• _What to do_
Pull every line with "online" from the entries below.

• _Input material_
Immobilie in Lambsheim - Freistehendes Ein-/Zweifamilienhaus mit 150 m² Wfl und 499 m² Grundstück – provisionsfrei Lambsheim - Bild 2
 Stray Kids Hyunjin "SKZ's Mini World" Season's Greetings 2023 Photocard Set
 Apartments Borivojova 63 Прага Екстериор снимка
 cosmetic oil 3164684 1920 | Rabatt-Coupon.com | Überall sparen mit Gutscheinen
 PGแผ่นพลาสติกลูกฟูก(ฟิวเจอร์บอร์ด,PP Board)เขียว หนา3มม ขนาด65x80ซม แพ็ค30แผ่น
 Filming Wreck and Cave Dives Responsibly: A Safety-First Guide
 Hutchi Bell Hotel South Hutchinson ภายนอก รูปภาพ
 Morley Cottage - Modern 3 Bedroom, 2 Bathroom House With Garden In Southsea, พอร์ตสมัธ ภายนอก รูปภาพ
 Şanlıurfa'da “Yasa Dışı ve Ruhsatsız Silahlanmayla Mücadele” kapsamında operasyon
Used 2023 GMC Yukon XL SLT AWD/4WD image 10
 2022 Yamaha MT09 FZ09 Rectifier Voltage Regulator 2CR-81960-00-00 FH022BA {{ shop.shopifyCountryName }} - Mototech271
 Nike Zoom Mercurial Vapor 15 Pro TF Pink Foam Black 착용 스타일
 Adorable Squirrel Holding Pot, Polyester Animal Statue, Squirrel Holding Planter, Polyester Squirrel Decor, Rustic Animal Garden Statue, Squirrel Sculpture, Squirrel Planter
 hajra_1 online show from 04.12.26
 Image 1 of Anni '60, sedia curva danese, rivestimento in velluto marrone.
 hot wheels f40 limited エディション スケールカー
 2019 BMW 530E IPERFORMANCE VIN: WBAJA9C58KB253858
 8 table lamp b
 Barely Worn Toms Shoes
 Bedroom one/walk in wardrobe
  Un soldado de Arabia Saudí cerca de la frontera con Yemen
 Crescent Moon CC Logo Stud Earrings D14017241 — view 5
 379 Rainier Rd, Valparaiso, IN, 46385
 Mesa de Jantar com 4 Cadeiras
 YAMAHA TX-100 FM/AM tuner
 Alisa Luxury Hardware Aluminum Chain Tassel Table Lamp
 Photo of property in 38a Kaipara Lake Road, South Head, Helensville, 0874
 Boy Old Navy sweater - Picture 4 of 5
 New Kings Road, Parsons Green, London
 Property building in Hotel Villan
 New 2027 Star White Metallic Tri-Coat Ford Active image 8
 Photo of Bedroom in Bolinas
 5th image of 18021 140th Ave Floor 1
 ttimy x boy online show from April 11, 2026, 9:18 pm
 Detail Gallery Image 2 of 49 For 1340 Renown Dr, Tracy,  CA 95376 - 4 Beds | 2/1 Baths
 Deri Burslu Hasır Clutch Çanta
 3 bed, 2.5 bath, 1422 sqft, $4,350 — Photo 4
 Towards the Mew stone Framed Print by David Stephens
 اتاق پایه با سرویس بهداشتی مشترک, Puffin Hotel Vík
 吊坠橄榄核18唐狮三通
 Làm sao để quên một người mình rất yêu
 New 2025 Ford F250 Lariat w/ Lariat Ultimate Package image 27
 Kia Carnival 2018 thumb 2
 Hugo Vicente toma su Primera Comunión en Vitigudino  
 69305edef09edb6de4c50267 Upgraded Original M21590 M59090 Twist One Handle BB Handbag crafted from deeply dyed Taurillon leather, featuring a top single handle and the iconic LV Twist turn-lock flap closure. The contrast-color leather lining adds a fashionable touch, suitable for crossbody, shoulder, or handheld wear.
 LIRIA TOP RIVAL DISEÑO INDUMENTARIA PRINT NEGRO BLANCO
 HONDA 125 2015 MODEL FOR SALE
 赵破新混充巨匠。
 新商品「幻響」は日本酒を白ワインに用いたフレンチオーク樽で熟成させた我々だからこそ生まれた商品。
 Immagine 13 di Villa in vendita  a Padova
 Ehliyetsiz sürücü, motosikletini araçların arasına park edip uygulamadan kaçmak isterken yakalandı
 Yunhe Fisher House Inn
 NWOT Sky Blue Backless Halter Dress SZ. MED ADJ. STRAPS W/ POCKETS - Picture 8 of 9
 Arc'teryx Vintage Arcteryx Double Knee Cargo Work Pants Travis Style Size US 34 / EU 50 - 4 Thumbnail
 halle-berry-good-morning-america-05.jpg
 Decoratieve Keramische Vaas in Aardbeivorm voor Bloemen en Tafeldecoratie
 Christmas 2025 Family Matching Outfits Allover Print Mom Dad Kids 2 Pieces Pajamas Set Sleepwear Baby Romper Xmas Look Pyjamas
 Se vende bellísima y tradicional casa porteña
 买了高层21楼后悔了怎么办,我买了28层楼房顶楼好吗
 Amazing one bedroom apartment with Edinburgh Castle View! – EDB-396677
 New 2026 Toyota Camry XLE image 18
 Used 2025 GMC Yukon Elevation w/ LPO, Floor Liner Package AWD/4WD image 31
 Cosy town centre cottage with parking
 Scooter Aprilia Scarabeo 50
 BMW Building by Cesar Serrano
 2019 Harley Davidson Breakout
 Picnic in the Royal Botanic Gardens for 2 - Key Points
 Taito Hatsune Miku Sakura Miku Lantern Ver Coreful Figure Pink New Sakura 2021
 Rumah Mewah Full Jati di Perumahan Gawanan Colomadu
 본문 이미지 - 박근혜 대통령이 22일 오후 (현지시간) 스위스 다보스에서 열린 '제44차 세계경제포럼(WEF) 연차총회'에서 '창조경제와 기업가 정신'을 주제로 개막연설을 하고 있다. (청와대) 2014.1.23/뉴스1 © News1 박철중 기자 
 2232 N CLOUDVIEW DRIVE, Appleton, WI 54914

• _Solved exercise_
 hajra_1 online show from 04.12.26
 ttimy x boy online show from April 11, 2026, 9:18 pm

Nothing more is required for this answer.